PROMPT ->
Your output should be the lines below from the one with "潮时尚 高级感小众手提水桶包女2025新款 百搭单肩斜挎包通勤手拎包" through the one with "À LOUER Appartement", copied exactly, pictures excluded.

Start of RECORDS FOR THE EXERCISE

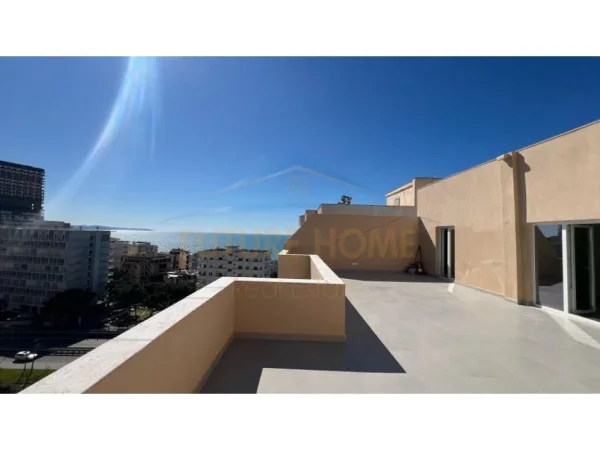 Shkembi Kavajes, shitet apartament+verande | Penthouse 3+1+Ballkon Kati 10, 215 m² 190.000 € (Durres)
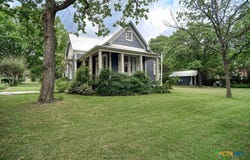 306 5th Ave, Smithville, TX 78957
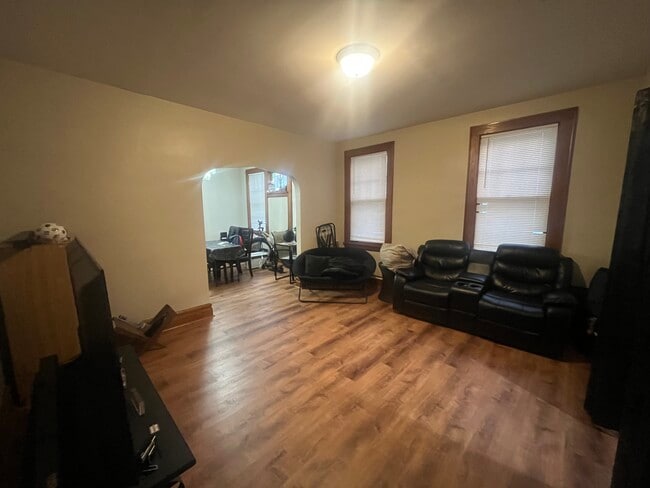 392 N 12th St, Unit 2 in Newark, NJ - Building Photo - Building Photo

End of RECORDS FOR THE EXERCISE
Start of RECORDS FOR THE EXERCISE

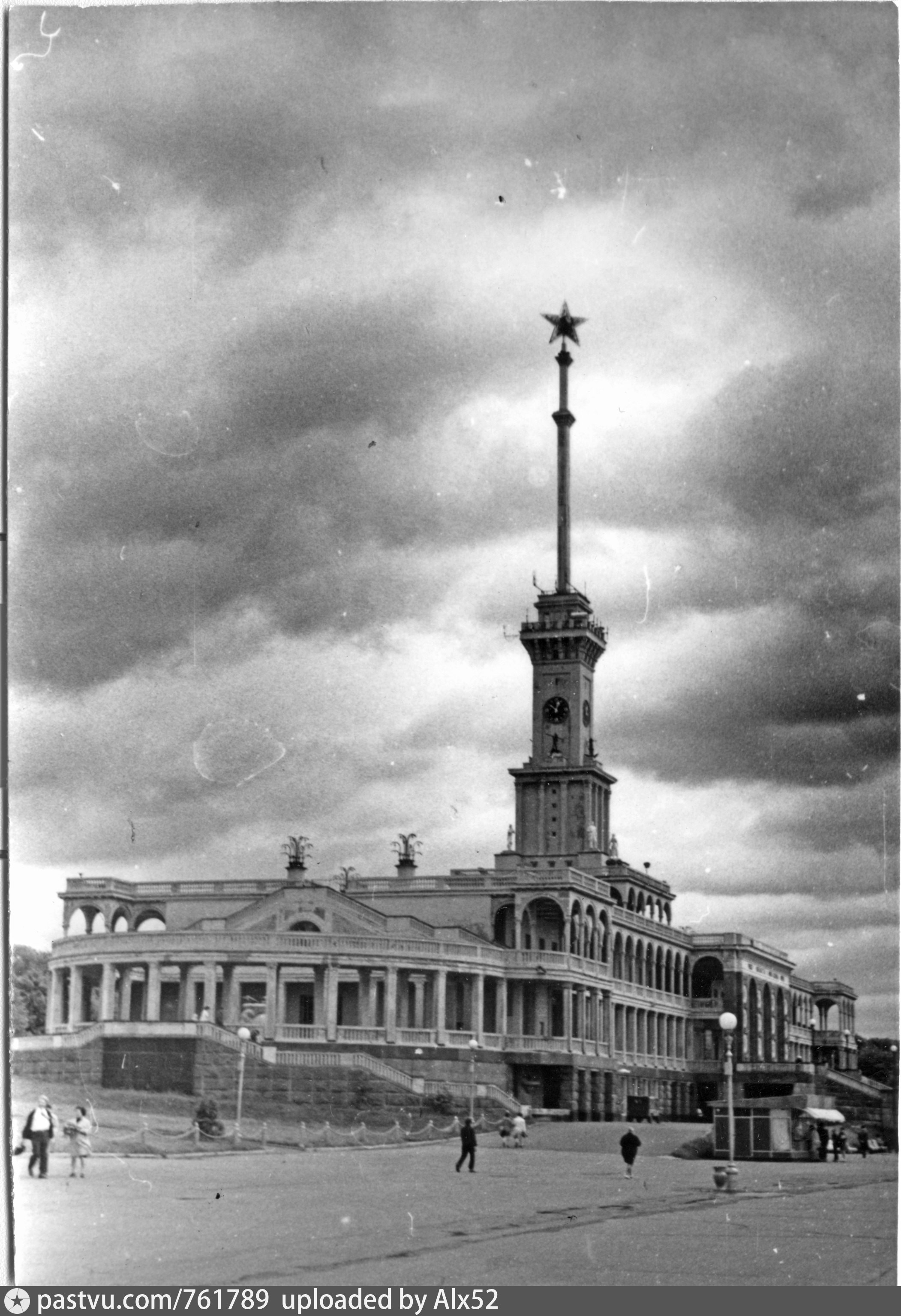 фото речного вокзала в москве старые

End of RECORDS FOR THE EXERCISE
Start of RECORDS FOR THE EXERCISE

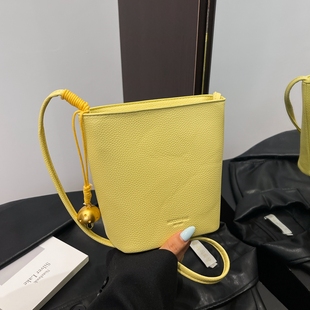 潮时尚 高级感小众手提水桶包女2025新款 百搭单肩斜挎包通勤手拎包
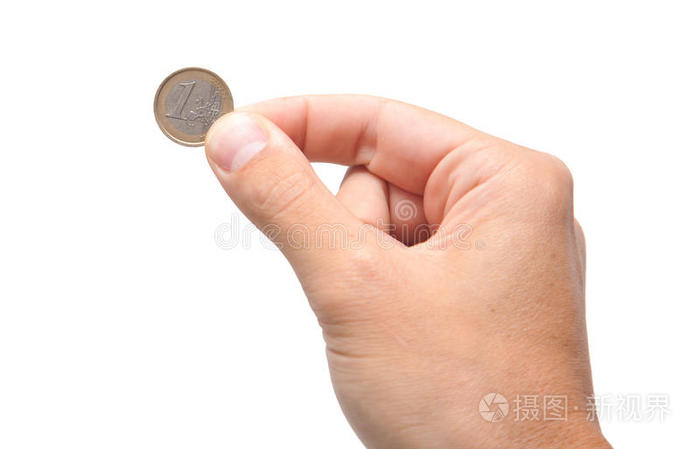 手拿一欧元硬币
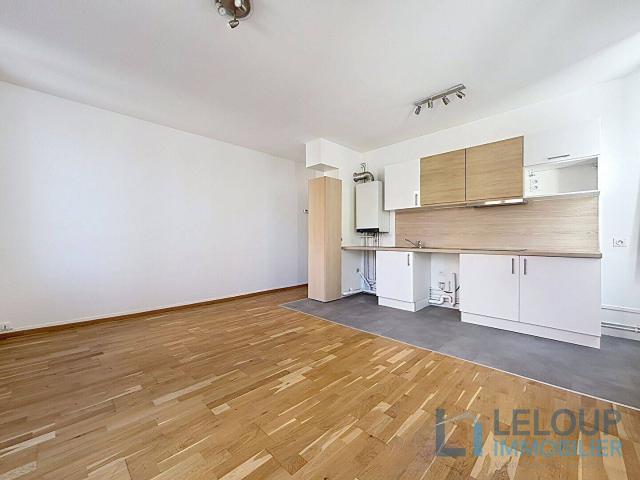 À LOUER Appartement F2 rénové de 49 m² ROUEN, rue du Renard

End of RECORDS FOR THE EXERCISE

ANSWER TO THE PROBLEM ->
 潮时尚 高级感小众手提水桶包女2025新款 百搭单肩斜挎包通勤手拎包
 手拿一欧元硬币
 À LOUER Appartement F2 rénové de 49 m² ROUEN, rue du Renard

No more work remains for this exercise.